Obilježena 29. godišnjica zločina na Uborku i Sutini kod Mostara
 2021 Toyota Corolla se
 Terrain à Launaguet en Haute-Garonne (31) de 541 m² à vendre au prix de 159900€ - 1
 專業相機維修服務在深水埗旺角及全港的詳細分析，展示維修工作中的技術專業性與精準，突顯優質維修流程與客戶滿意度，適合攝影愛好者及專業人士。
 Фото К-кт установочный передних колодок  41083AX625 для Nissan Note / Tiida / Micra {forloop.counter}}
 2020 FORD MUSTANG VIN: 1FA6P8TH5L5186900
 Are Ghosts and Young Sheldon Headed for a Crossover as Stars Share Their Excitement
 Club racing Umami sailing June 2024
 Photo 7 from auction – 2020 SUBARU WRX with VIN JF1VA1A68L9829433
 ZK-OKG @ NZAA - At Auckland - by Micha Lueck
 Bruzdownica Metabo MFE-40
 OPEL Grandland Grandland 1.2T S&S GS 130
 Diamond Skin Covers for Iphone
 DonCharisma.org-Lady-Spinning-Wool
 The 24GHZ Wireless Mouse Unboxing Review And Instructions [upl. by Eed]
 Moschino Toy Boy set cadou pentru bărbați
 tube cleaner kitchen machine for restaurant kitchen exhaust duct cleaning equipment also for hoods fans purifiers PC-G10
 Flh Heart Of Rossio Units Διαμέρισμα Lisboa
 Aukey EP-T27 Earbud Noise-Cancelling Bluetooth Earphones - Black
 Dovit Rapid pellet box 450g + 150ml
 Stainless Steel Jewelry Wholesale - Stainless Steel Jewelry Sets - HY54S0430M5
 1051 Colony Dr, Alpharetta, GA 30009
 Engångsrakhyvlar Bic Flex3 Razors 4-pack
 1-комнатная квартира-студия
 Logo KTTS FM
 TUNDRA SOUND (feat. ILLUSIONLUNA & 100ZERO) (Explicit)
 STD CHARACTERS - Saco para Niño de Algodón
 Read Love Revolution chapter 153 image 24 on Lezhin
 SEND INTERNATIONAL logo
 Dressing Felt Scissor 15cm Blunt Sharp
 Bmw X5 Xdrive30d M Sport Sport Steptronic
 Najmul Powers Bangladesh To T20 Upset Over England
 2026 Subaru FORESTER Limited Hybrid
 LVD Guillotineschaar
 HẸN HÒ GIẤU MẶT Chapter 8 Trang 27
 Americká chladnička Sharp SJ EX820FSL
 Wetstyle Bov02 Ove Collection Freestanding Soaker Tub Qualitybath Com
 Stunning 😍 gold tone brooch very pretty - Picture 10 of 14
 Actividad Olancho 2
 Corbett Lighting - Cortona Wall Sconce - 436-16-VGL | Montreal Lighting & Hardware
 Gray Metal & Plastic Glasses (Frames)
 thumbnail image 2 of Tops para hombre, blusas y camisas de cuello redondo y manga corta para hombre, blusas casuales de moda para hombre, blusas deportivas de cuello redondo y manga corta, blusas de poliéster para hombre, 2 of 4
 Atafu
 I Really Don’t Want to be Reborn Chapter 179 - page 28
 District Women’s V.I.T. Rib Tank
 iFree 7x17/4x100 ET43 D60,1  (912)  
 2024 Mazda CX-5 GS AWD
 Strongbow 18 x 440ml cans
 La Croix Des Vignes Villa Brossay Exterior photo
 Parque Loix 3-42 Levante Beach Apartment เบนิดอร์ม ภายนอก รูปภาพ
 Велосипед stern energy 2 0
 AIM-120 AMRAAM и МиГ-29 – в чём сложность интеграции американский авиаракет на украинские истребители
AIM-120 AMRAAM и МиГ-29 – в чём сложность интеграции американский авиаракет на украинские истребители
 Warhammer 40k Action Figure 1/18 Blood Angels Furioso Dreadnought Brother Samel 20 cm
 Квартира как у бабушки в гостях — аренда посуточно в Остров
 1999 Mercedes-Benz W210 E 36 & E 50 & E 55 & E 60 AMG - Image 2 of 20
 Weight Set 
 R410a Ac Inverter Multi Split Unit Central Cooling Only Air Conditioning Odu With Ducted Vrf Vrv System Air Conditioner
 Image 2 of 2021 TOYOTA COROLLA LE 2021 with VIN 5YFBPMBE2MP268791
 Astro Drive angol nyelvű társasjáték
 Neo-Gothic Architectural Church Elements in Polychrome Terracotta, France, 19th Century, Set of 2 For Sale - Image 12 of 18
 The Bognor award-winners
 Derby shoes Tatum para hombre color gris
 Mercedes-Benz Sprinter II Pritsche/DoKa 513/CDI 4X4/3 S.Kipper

○ ○ ○

Task brief: Find every line in the records above that holds the word "AMRAAM", and copy each one.

Answer below:
 AIM-120 AMRAAM и МиГ-29 – в чём сложность интеграции американский авиаракет на украинские истребители
AIM-120 AMRAAM и МиГ-29 – в чём сложность интеграции американский авиаракет на украинские истребители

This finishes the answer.